I'm not new to programming but i try to understand the concept of concepts in c++20 a little bit more in depth.
situation: I'm playing around with a method in a class like (content of my header file):
// in my mind: a concept testing if there is a typename matching with
// std::to_string(...)
template<typename T>
concept IsStringable = requires (T t) {
{ std::to_string(t) }; // NOTE: there must be a to_string overloaded version
// with type T
};
class example_class_with_concept_methode {
private:
// some unnecessary stuff
// implementation outsourced to cpp file
std::string _replacePlaceholder(std::string fmtMsg,
std::string reg,
std::string replacementMsg);
public:
// ctor & co.
std::string processMessage(std::string msg, IsStringable auto replaceMsgValue) {
std::string replaceMsg = std::to_string(replaceMsgValue);
return _replacePlaceholder(fmtMsg, _pattern, replaceMsg);
}; // class example_class_with_concept_methode
The CMakeLists.txt files are working with the above shown code (GCC 10.2.1 x86_64-linux-gnu, CMake 3.18.4).

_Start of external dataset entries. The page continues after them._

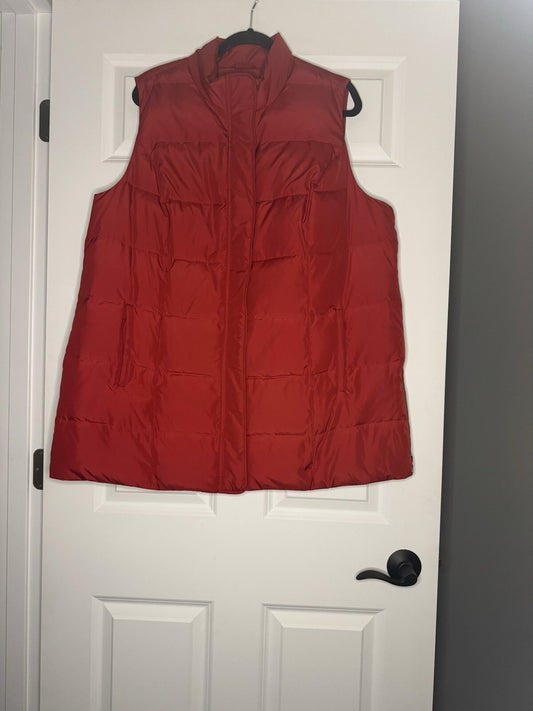 J Jill Down Vest 2x Red 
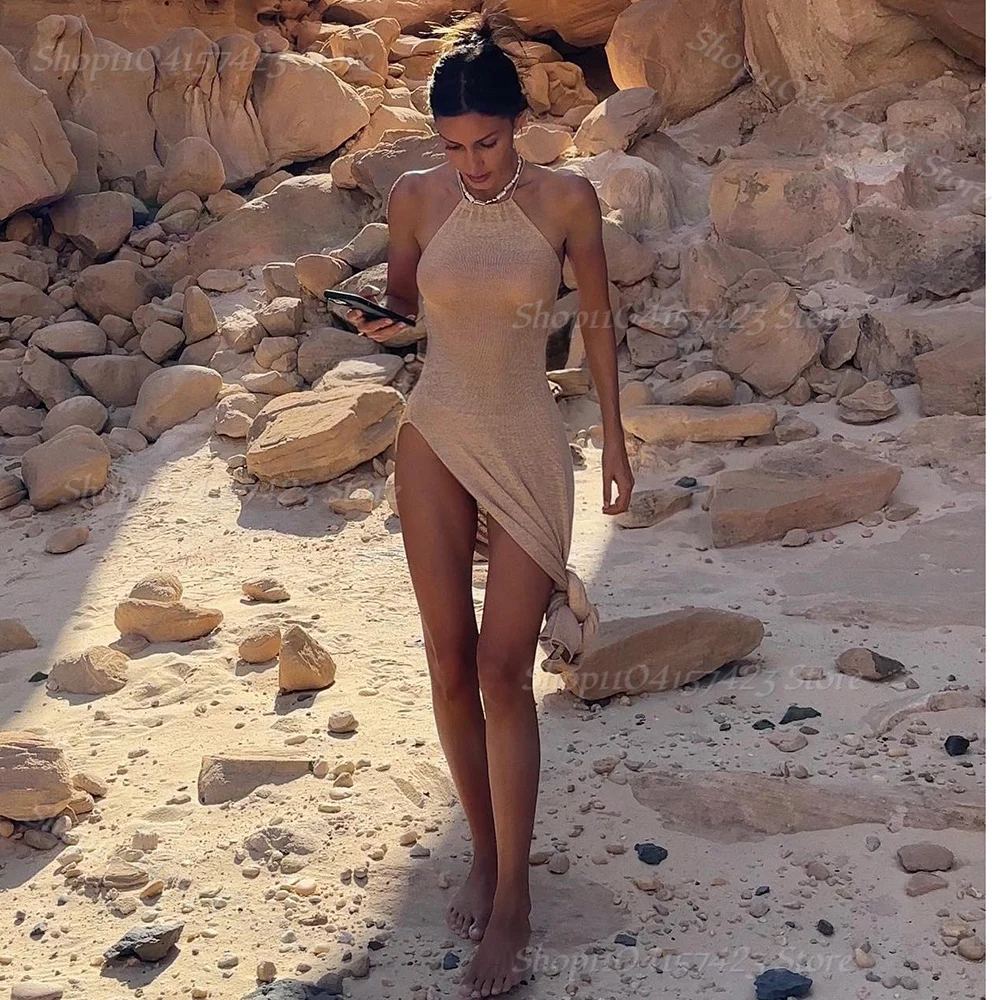 2024 Kintted Cover Up Beach Sexy See Through Maxi Slit Bodycon Summer Dress Bikini Cover-up Elegancka sukienka plażowa Halter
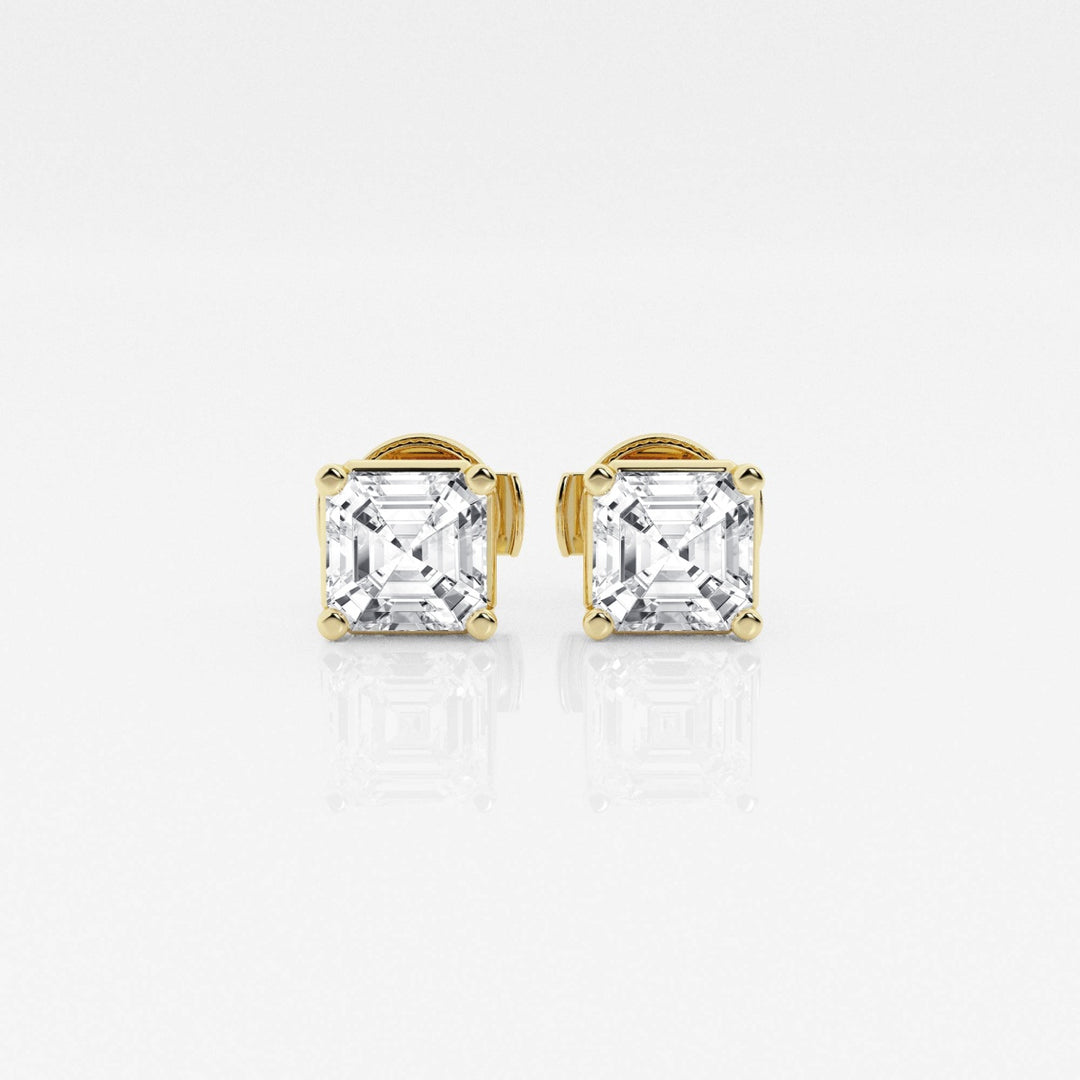 Asscher FG-VS2 Lab-Grown Diamond Solitaire Stud Earrings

But target solution would be outsourcing the concept method also to the cpp file (what was done with all other class methods).
BUT (question): If I outsource this one method to cpp I'm getting multiple errors for undefined references for different versions the compiler would make out of the concept statement for replaceMsgValue. What am I doing wrong here?
Do I need to keep this implementation in header file or is there a way to outsource it to the cpp file?